Let’s be honest — deciding to move to the Albanian Riviera is the easy part.


 

Crystal-clear water, fresh seafood for less than a coffee in Paris, sunsets that make you want to quit your job and stay forever… yeah, we get it. But then comes the harder question:


 

Where exactly should you live?


 

Saranda? Ksamil? Borsh? Somewhere even smaller?


 

I’ve helped couples, families, and solo dreamers figure this out for years, and trust me — there’s no one-size-fits-all answer. So today, let’s make it fun.


 

We’re doing a light quiz.

No login. No email capture. No nonsense.


 

Just some friendly guidance from a local who’s walked this coast a hundred times, shown just as many homes, and eaten way too many plates of grilled octopus along the way.


 


 

1. What’s your ideal kind of morning?


 

A) Espresso by the sea, walking distance to the market, maybe a chat with the fruit vendor.

B) A quiet breakfast with a view — no honking cars, just waves and birds.

C) I don’t want to hear a single sound. Maybe a goat in the distance.


 

If you picked A — Saranda might be your place.

This is a real city (by Albanian coastal standards), and yet, it’s intimate enough to feel like a neighborhood. There’s a rhythm here. In the off-season, locals still gather at the café near the port, old men play dominos under palm trees, and you’re never far from the best bakeries.


 

I recently showed a couple a 2-bedroom seaview apartment in Gold Residence — they weren’t looking for anything flashy. Just space, calm, and that “balcony with a soul.” They found it. The balcony sold it more than I did.


 


 

2. When it comes to neighbors…


 

A) I like some company. People to wave to. Maybe grab a drink with.

B) I’d prefer a few friendly faces, but mostly peace.

C) Let me live like I’m in my own little kingdom.


 

Mostly B or C? Then we’re heading toward Ksamil or Borsh.

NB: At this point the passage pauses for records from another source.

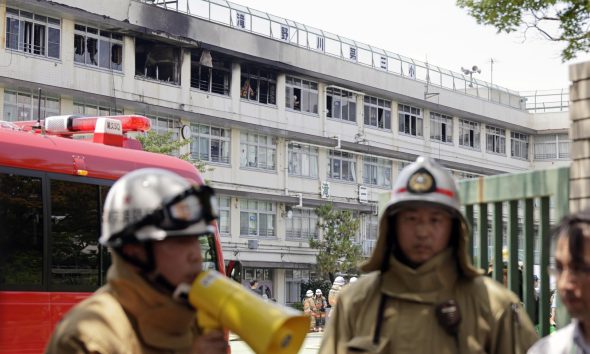 TOKYO (Japan), 19/06/2026.- Bomberos de Tokio atienden un incendio en una escuela de la capital de Japón. EFE/EPA/FRANCK ROBICHON
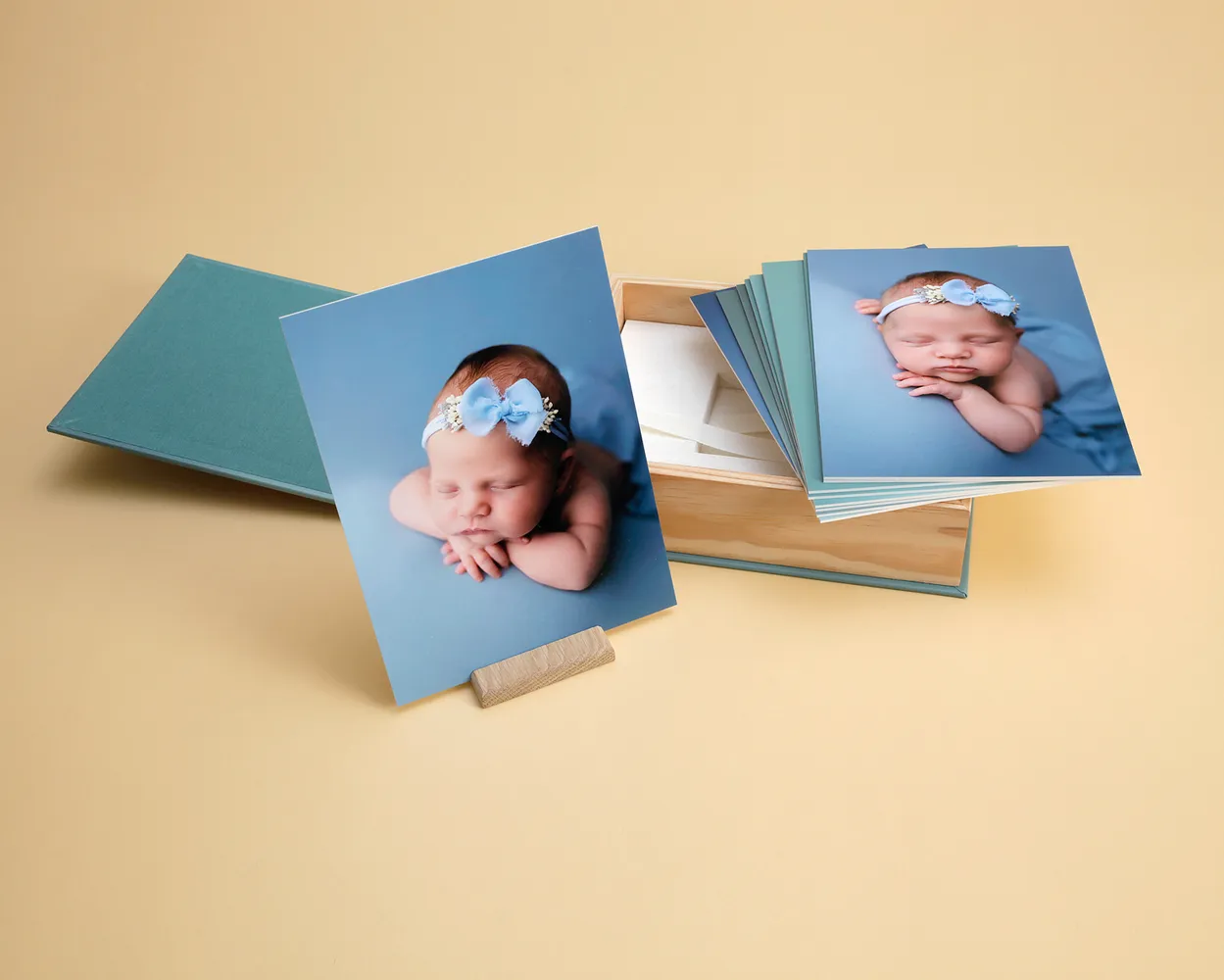 Caja Alcalá con fotos sobre cartulina rígida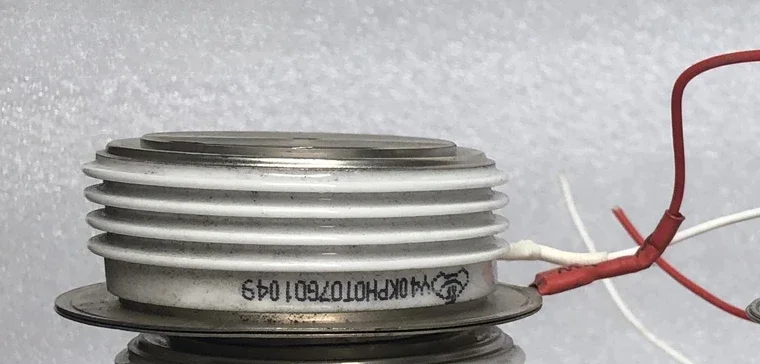 

Тиристор б/у Y35Y38Y40Y45Y50Y55Y60Y65Y70Y76Y89Y100KPE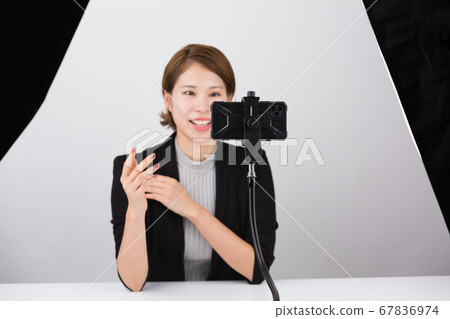 女人說話的智能手機 女人說話的智能手機 67836974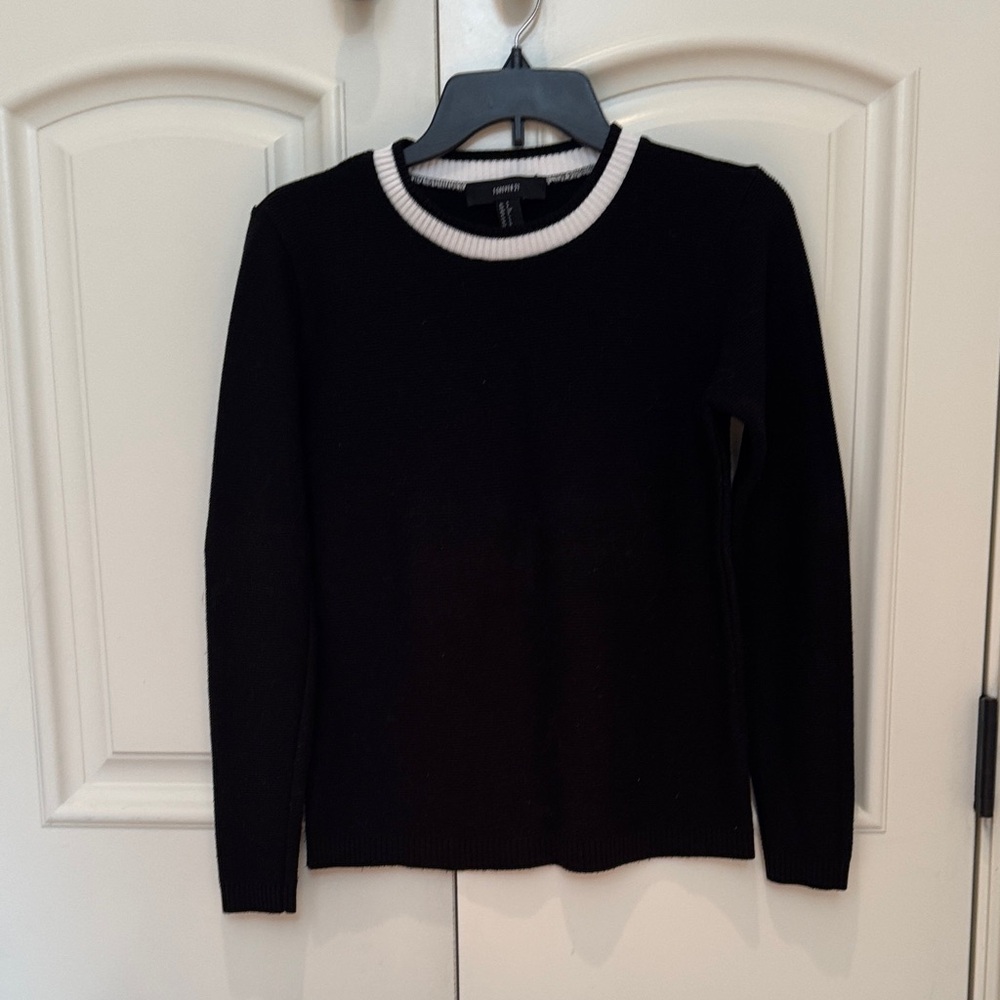 Forever 21 Black Sweater with White Collar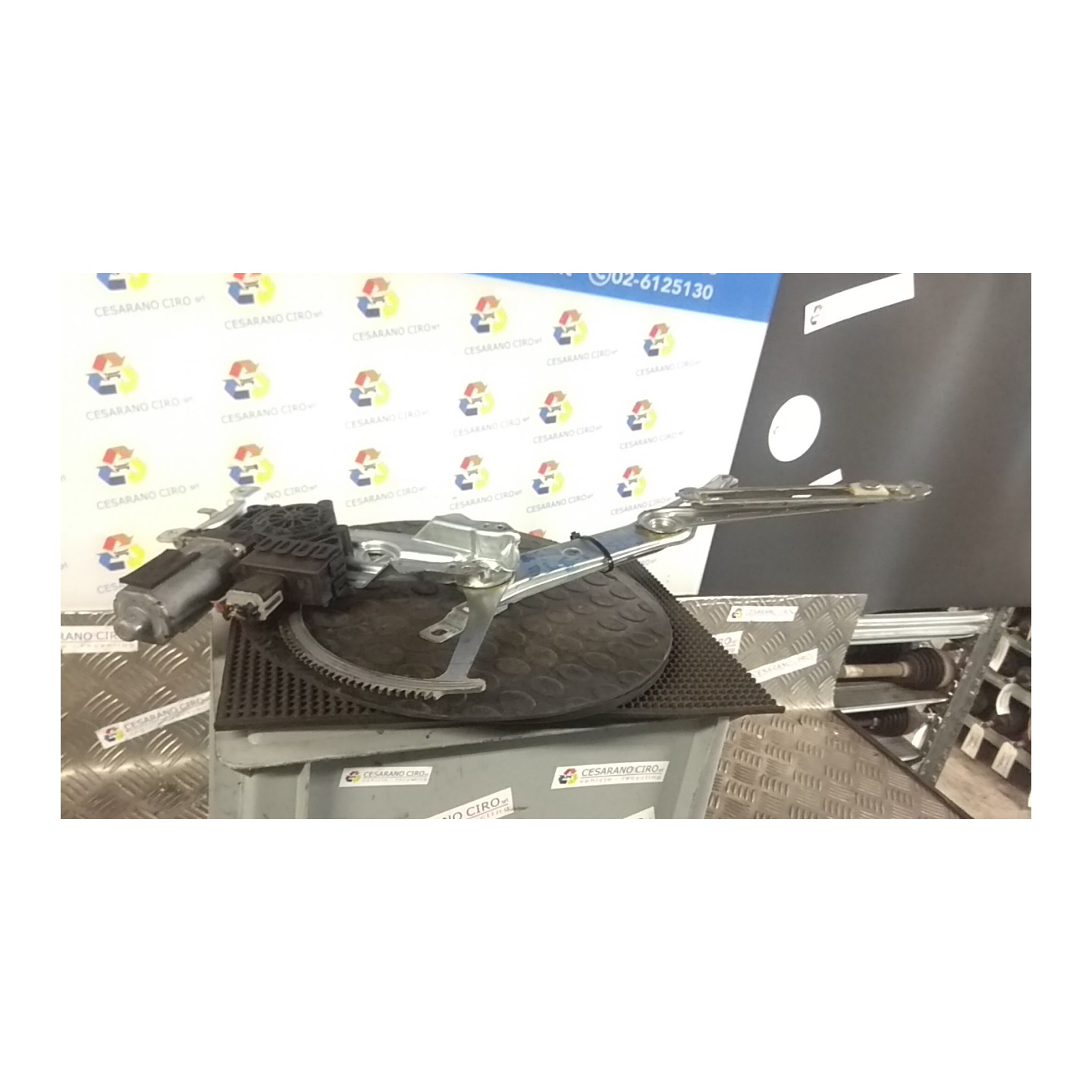 ALZACRISTALLO PORTA ANT. DX. 078 OPEL ZAFIRA (T98) (03/99-12/05) Y22DTR 90579386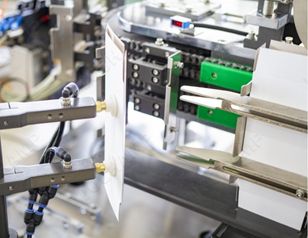 Equipped with our latest automatic carton feeding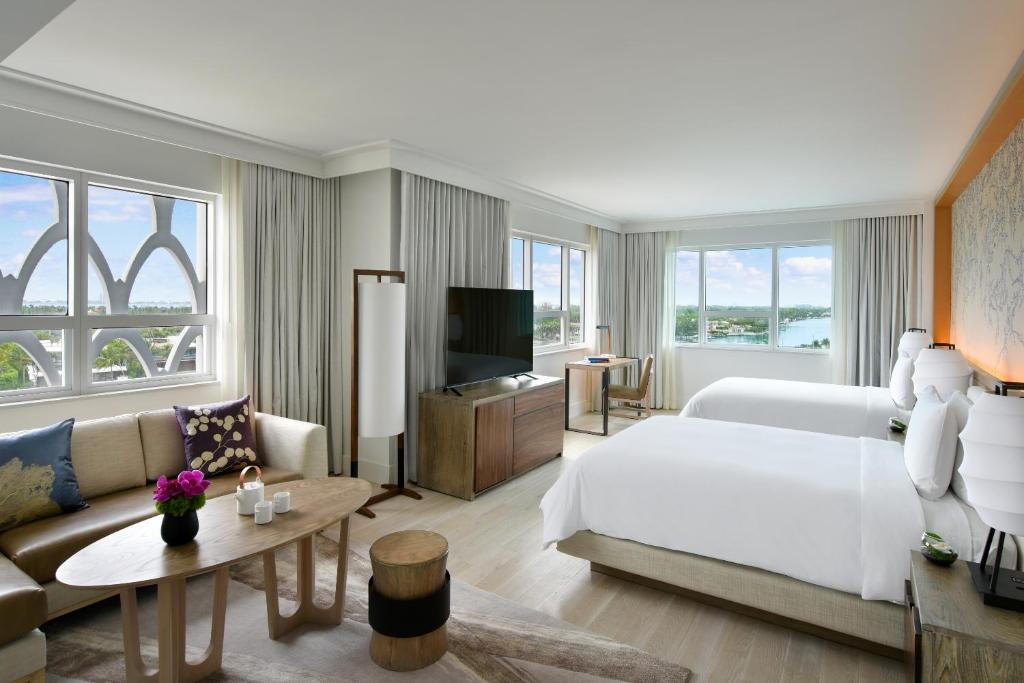 Сьюит (Полулюкс с 2 кроватями размера «queen-size» — Вид на бухту), Nobu Hotel Miami Beach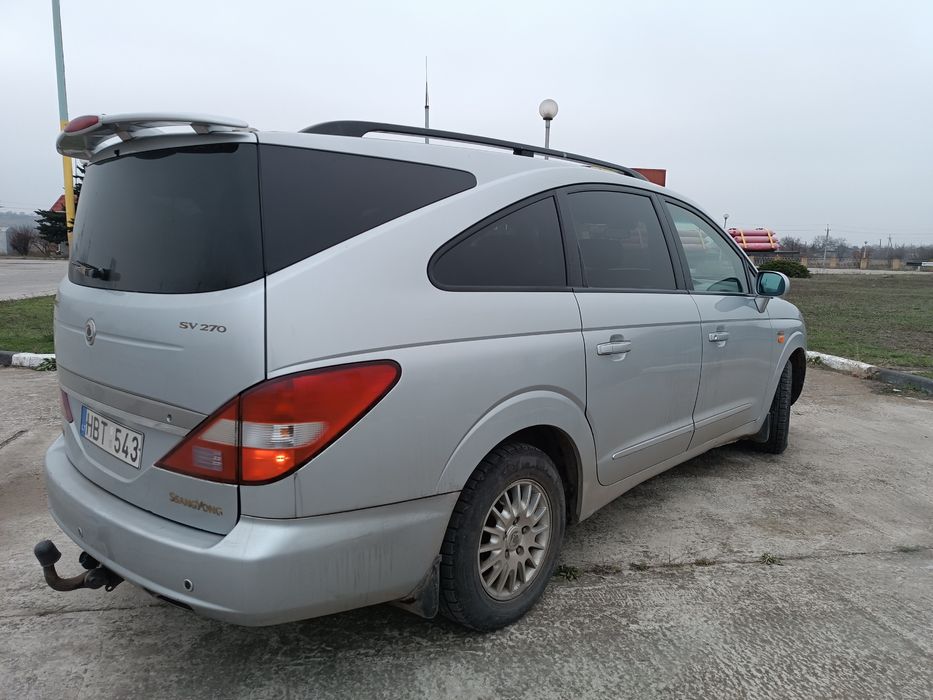 Продам SsangYong. Минивен 7 мест . Турбо дизель 2,7 объем. На полном ходу. Состояние отличное. На зимней резины. Полный 4х4 провод. Салон чистый ухоженный.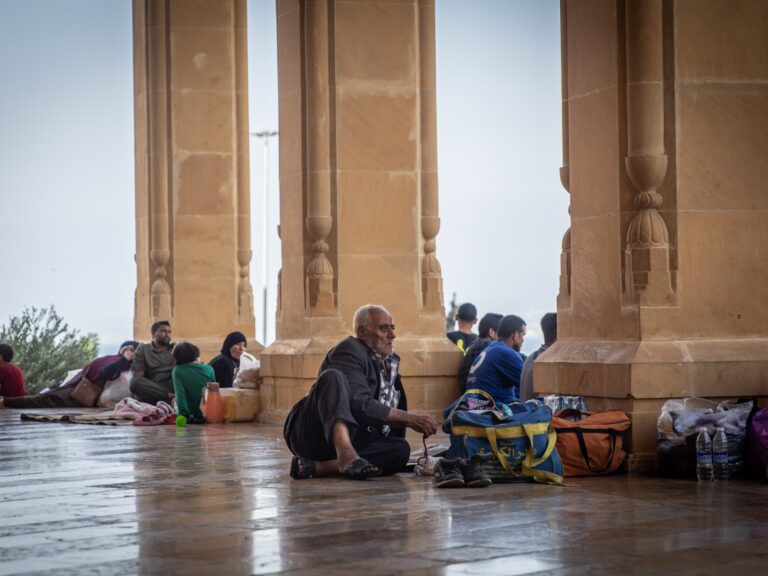 लेबनान पर इज़राइल के युद्ध से अभूतपूर्व विस्थापन संकट उत्पन्न हो गया | इजराइल ने लेबनान पर हमला किया समाचार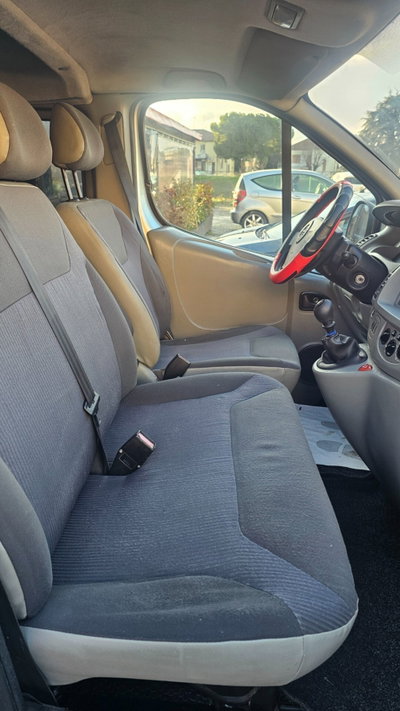 Opel Vivaro Furgone 27 2.0 CDTI 120CV PC-TN-DC Furgone Fap (8)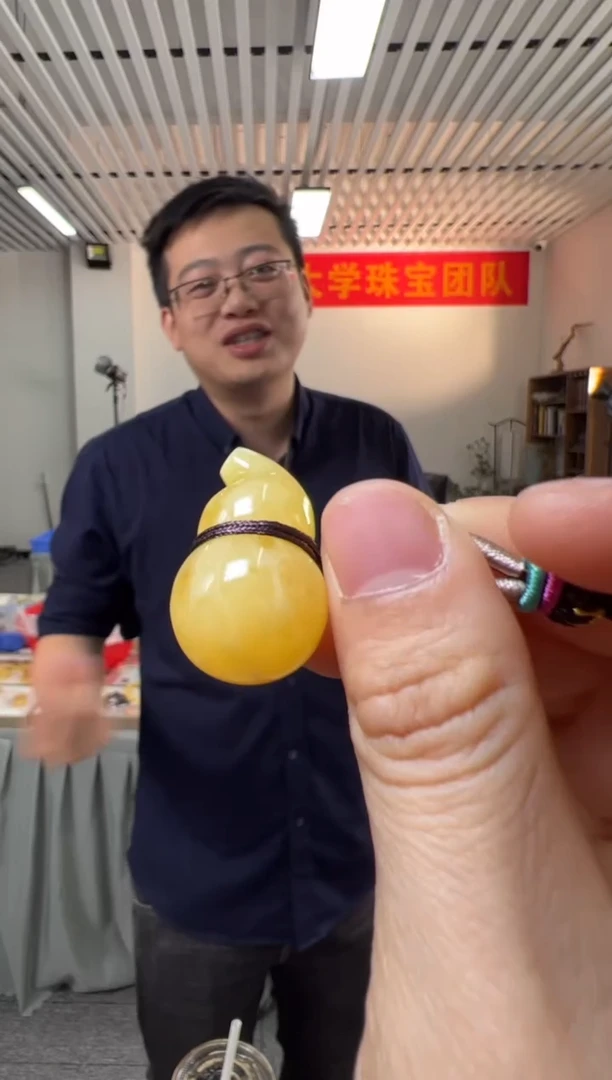 【闪购商品】琥珀颈饰未镶嵌俄料鸡油黄蜜蜡葫芦约4g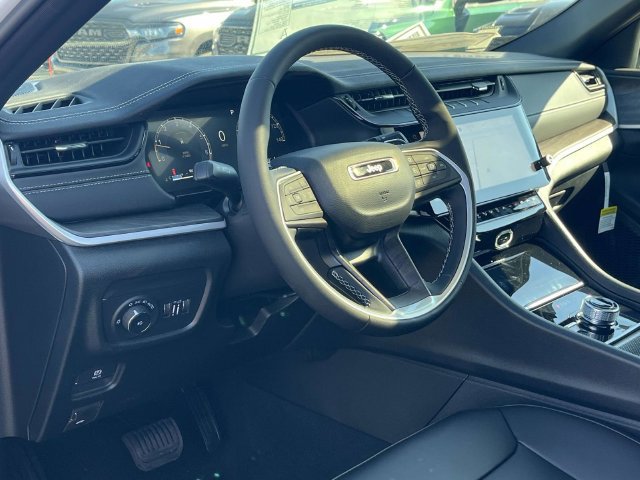 New 2027 Jeep Grand Cherokee L Limited AWD/4WD image 9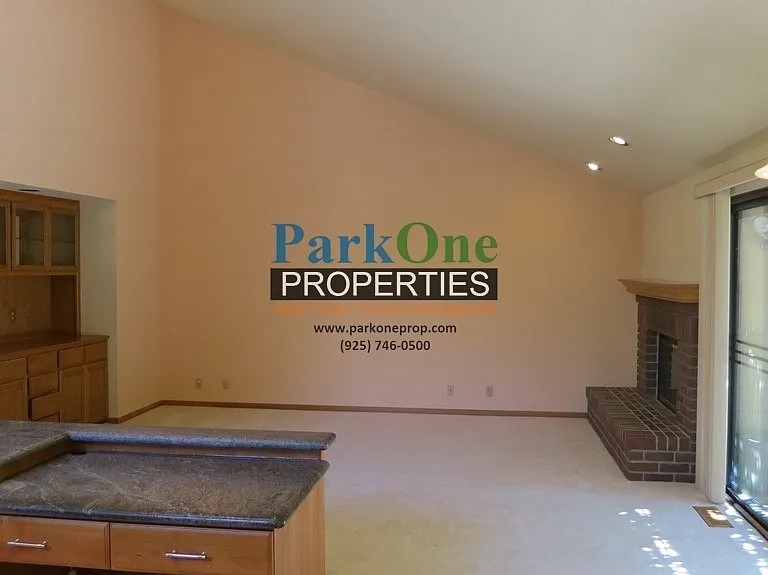1245 Crown Ct — Photo 3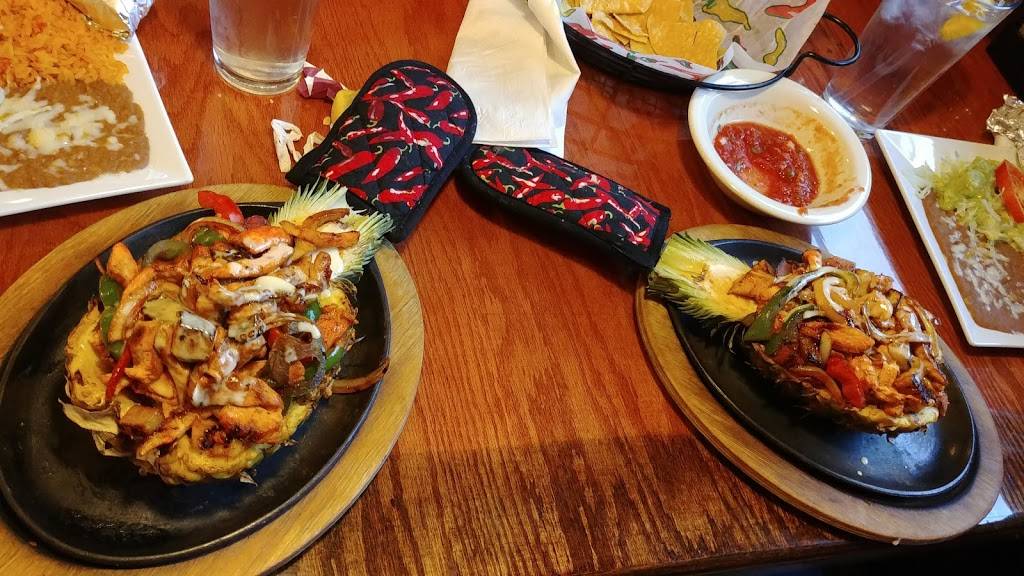 Rancho Nuevo | restaurant | 915 N Royal Ave, Front Royal, VA 22630, USA | 5405513576 OR +1 540-551-3576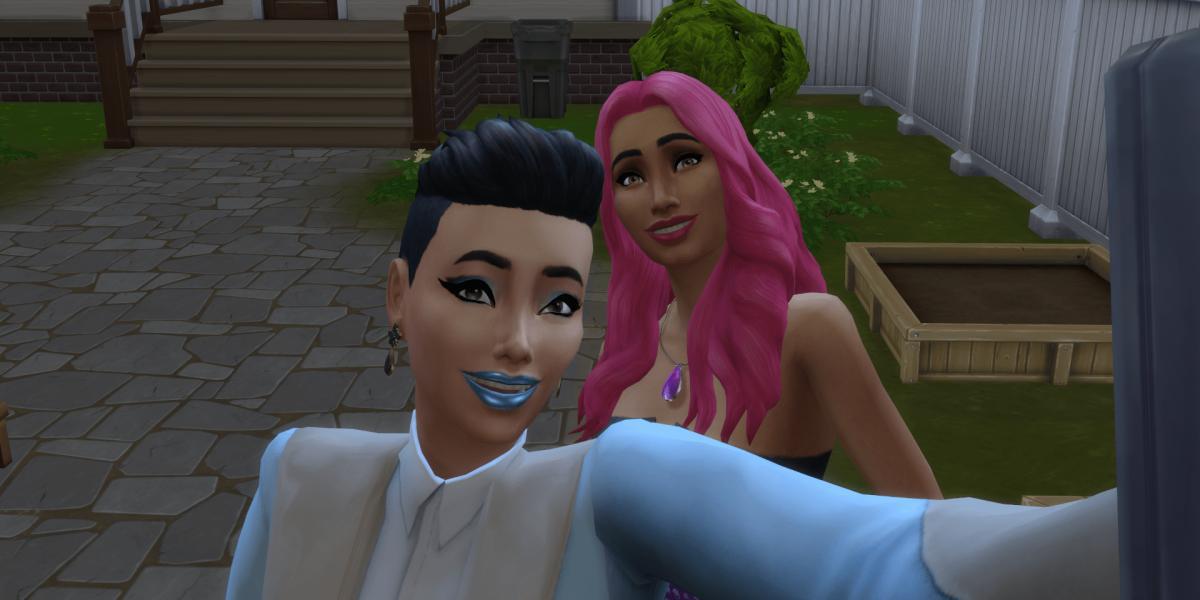 The Sims 4 sims tirando uma selfie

Ksamil has a unique off-season life. It’s just far enough from Saranda to have its own identity, but still has restaurants open in winter — like that place near the school that does the best fresh mussels. No menu. Just ask for “what’s good.”


 

And Borsh? Borsh is a different tempo altogether. A wide beach, old olive trees, and families who’ve been here for generations. One of my clients — a German artist — chose Borsh for that very reason. “I want to hear myself think,” he said. He bought a plot just outside the village and now paints from a terrace that overlooks both mountains and sea.